In conclusion, the Court finds that (1) the financial disclosure requirements of the Prison Litigation Reform Act are applicable to petitions for habeas corpus relief filed by state inmates and (2) the date that a habeas corpus petition is deemed filed is the date the inmate delivers the petition to the prison authorities and not the date the petition is physically filed with the Clerk of the Court.


[1] In contrast, federal inmates bringing habeas corpus actions are not required to pay a filing fee. See Rules Governing Section 2255 Proceedings For The United States District Courts Rule 3 & Rule 3 advisory committee notes.

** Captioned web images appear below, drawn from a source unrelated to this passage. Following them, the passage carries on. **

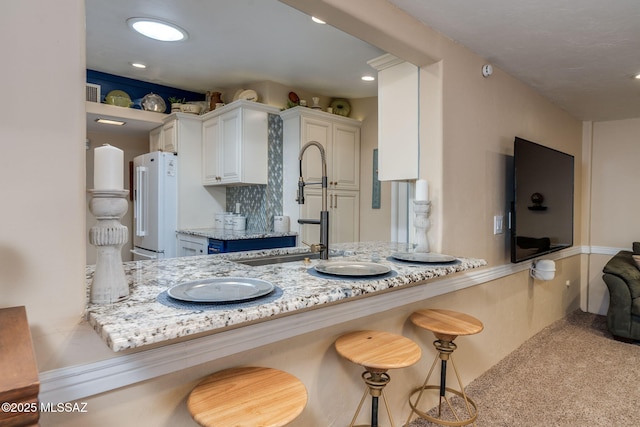 6951 E Hayne Pl, Tucson, AZ 85710 - kitchen featuring freestanding refrigerator, white cabinetry, light stone counters, a breakfast bar area, and recessed lighting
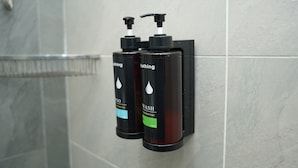 Deux distributeurs de savon noir, équipés de pompes, sont fixés à un mur recouvert de carreaux.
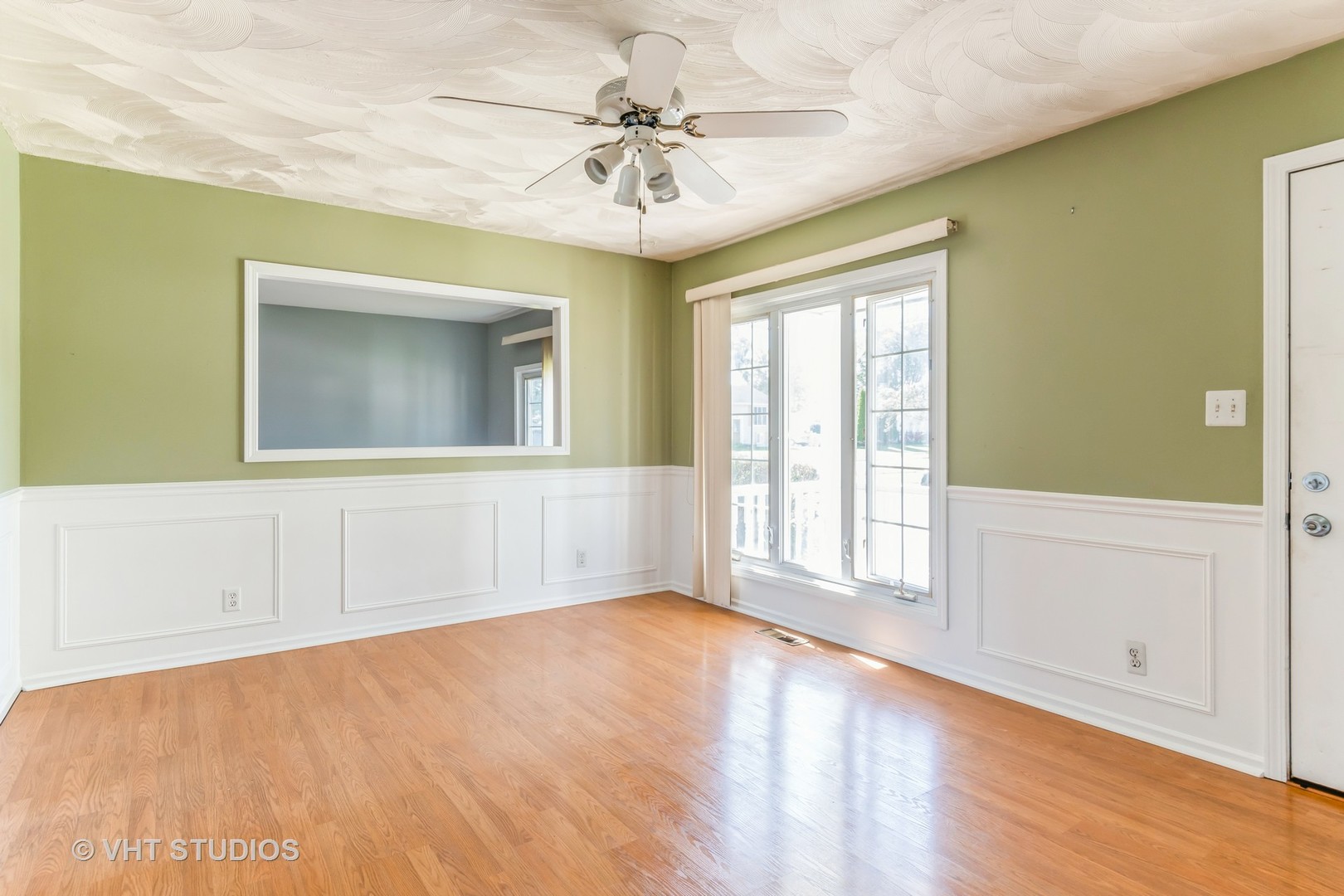 325 Kirman Avenue Romeoville, IL 60446 - Photo 3 of 13 a view of an empty room with a window and a chandelier fan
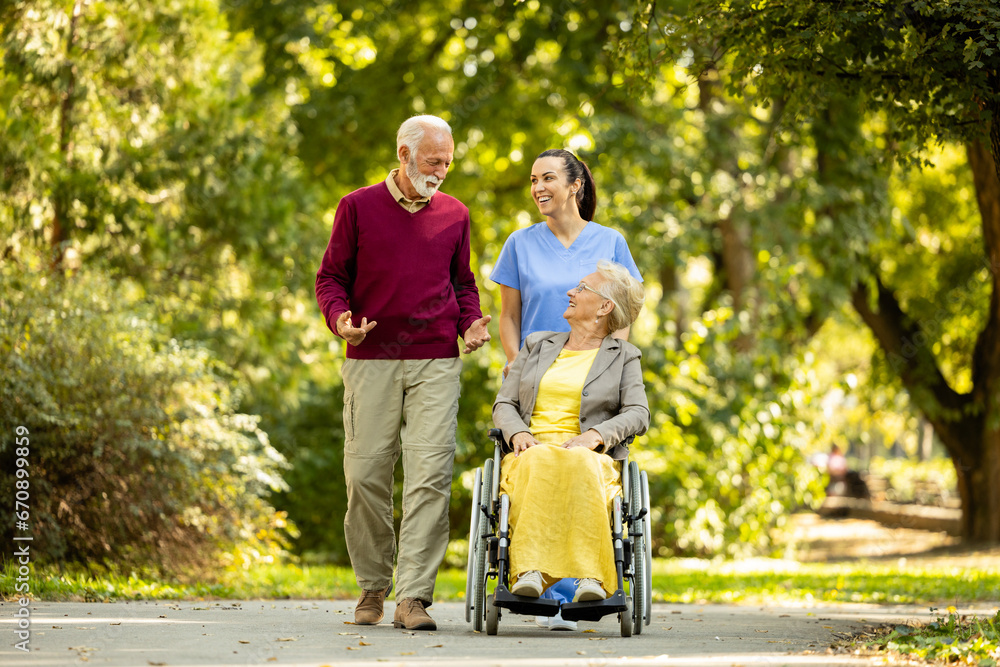 Nursing assistant, senior man and elderly woman in wheelchair enjoying the walk in park. Nursing assistant, senior man and elderly woman in wheelchair enjoying the walk in park.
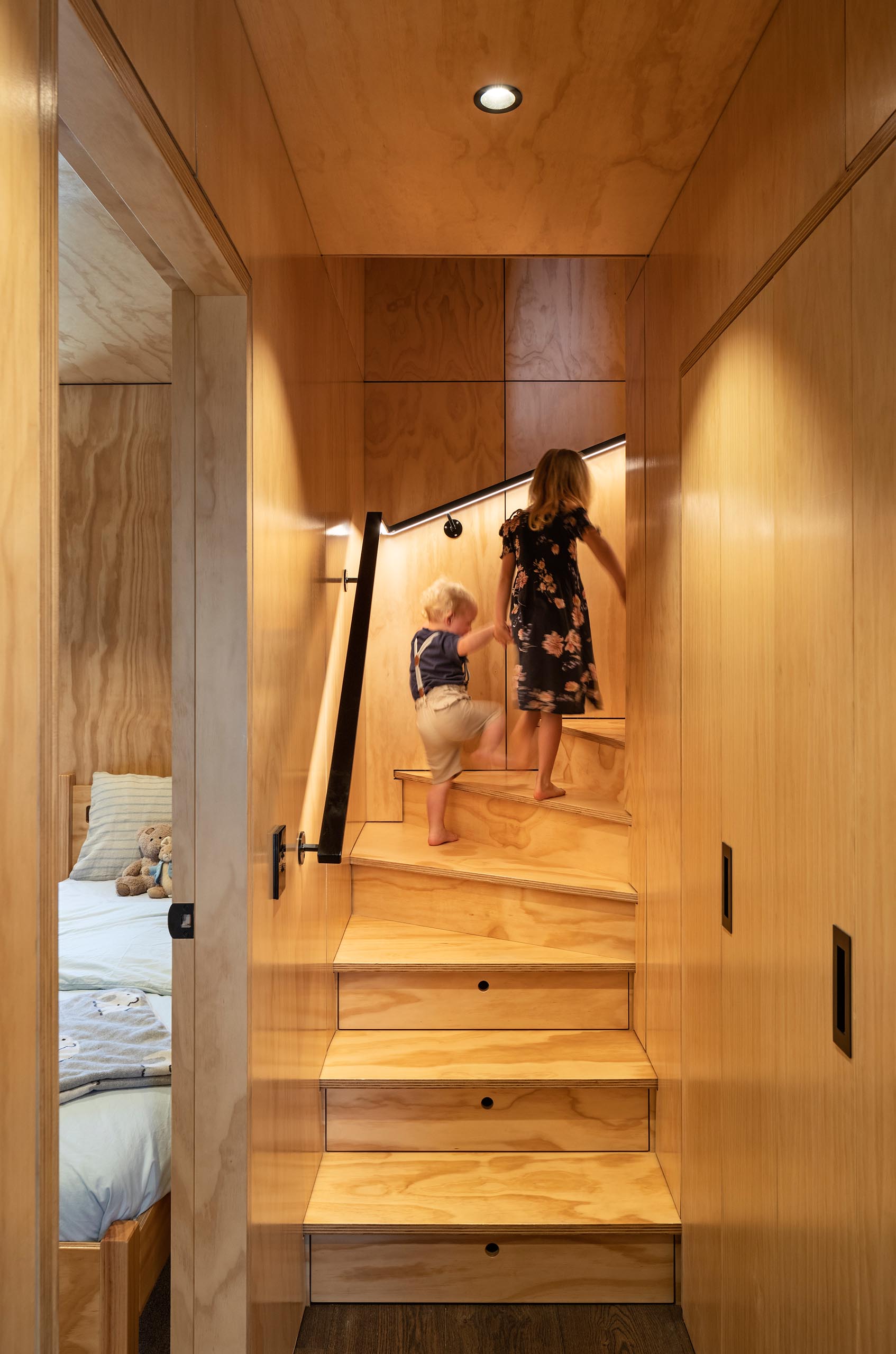 Wood stairs lead to the upper floor of the home, while a black handrail has hidden lighting to guide the way.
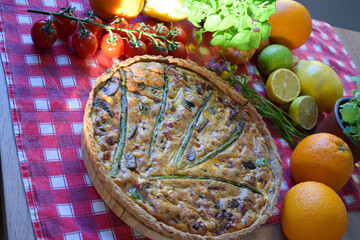 Quiche Lorraine Tart. Egg and cheese tart on pastry crust filled with savoury custard and pieces of cheese, bacon, and asparagus.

[2] Considerations which led Congress to set the habeas corpus filing fee for state prisoners at $5.00 and not $120.00 are not relevant here. That Congress intended state prisoner's to pay a filing fee in connection with habeas corpus petitions is underscored by the fact that no filing fee is required from federal prisoners seeking similar relief. See supra note 1.

[3] The Court finds that the financial disclosure requirements of the Act do not apply to cases already pending as of the effective date of the statute. See Deutsch v. United States, 1996 WL 466921 (E.D.Pa. July 8, 1996) (Fullam, J.) (new 28 U.S.C. Sec. 1915(g), barring IFP suits by prisoners who have had three or more suits previously dismissed on the grounds that the suits were frivolous, malicious, or failed to state a claim, does not bar a pending IFP suit by a prisoner who has had three or more suits so dismissed if the prisoner's pending suit was filed before April 26, 1996); see also Miller v. Andrews, 1996 WL 273651 at *2 n. 1 (E.D.Pa. May 20, 1996) (not applying Prison Litigation Reform Act's amendments to frivolity determination pursuant to 28 U.S.C. Sec. 1915(d) where complaint filed on April 23, 1996, but noting that applying the Act's amendments would not have led to a different outcome); McCray v. Kralik, 1996 WL 378273 (S.D.N.Y. July 1, 1996) (Prison Litigation Reform Act's amendments to 28 U.S.C. Sec. 1915(a)-(b) do not apply retroactively, however amendments regarding Court's ability to dismiss meritless claims do apply to complaints filed before April 26, 1996).

[4] See, e.g., Lewis v. Richmond City Police Dept., 947 F.2d 733, 736 (4th Cir.1991) (applying Houston filing rule to Fed.R.Civ.P. 5(e) in a prisoner's civil rights case and stating, "Houston itself gives no indication that it should be limited to habeas corpus appeals"); Smith v. Evans, 853 F.2d 155, 161 (3d Cir.1988) (considering Houston with regard to a Fed.R.Civ.P. 59(e) motion to alter or amend a district court judgment); Caldwell v. Amend, 30 F.3d 1199 (9th Cir.1994) (applying Houston filing rule to pro se prisoner's Fed. R.Civ.P. 50(b) motion); Hostler v. Groves, 912 F.2d 1158, 1160 (9th Cir.1990) (applying Houston filing rule to non-habeas civil appeals and noting that the Houston opinion "gives no indication that its holding should be limited to habeas cases"), cert denied, 498 U.S. 1120, 111 S. Ct. 1074, 112 L. Ed. 2d 1180 (1991); but see Jackson v. Nicoletti, 875 F. Supp. 1107 (E.D.Pa.1994) (finding no "mailbox rule" for pro se prisoner complaints and refusing to extend Houston filing rule to lengthen statute of limitations in civil rights case).

[5] The Third Circuit has recognized the concept of constructive filing in other contexts. See McDowell v. Delaware State Police, 88 F.3d 188 (3d Cir.1996) (complaint not formally filed until filing fee is paid deemed constructively filed when received by Clerk's office).